Naturally enough, the married man is brought under the sway of that belief. Beginning, perhaps, by protesting against it, he ends by accepting it. And in his acceptance of it, not only the negative desire to escape criticism and upbraiding, but also the positive desire to be generous plays a part. That is to say, a married man’s eagerness to get more money for his wife is, in part at least, a very worthy thing. Loving and revering her, he wants to surround her with comforts and luxuries. His dreams of wealth are indistinguishable, indeed, from dreams of arraying her in costly raiment and of giving her the opportunity to break the hearts of other less fortunate women.
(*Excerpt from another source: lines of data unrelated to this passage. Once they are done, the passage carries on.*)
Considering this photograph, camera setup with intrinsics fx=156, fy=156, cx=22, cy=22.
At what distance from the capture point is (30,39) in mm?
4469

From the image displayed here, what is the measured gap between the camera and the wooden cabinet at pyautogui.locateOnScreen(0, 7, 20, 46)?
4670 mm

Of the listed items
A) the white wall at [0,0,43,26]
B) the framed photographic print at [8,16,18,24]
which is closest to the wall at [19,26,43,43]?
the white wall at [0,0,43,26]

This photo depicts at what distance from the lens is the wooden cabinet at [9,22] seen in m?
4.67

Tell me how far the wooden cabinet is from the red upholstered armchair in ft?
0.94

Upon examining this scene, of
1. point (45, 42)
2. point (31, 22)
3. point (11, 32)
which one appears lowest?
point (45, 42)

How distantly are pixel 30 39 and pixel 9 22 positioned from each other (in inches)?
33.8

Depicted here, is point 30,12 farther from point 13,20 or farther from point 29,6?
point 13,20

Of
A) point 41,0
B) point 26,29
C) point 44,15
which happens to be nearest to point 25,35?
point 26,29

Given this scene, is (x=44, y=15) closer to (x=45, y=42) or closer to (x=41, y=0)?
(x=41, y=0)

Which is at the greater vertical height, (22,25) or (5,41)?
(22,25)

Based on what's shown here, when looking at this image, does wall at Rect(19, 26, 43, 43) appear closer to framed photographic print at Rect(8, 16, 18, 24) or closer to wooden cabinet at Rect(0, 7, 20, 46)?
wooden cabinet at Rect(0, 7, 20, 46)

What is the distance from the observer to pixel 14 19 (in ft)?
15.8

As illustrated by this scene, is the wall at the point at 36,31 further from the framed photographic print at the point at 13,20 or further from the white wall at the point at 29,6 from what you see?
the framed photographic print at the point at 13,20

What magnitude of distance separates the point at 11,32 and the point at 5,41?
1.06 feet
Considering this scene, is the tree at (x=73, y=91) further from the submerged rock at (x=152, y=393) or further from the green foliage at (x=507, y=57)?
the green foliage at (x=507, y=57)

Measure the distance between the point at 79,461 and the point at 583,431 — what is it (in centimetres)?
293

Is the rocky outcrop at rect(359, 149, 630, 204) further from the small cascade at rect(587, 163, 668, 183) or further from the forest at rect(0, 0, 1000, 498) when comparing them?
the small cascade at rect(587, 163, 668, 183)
These considerations are at the bottom of Dr. Wilson’s new jehad. He distrusts the married man; he trusts the bachelor. Both, perhaps, are equally honest at heart, but the temptations of the first are infinitely more powerful than the temptations of the other. A bachelor who permits himself to be bribed is frankly a scoundrel, but a married man who permits himself to be bribed may be moved by a generous and entirely worthy impulse to give his beloved wife an automobile or an opera cloak, his son a college education, his daughter a trip to Europe, or his mother-in-law a new set of artificial teeth.
Such impulses, whatever their surface virtue, corrupt and corrode the morals. They give temptation the force of a zymotic disease. The only man, indeed, who can afford to be absolutely and chemically pure is that man who has no one dependent on him and doesn’t care a hoot what happens to him—in brief, the honest bachelor.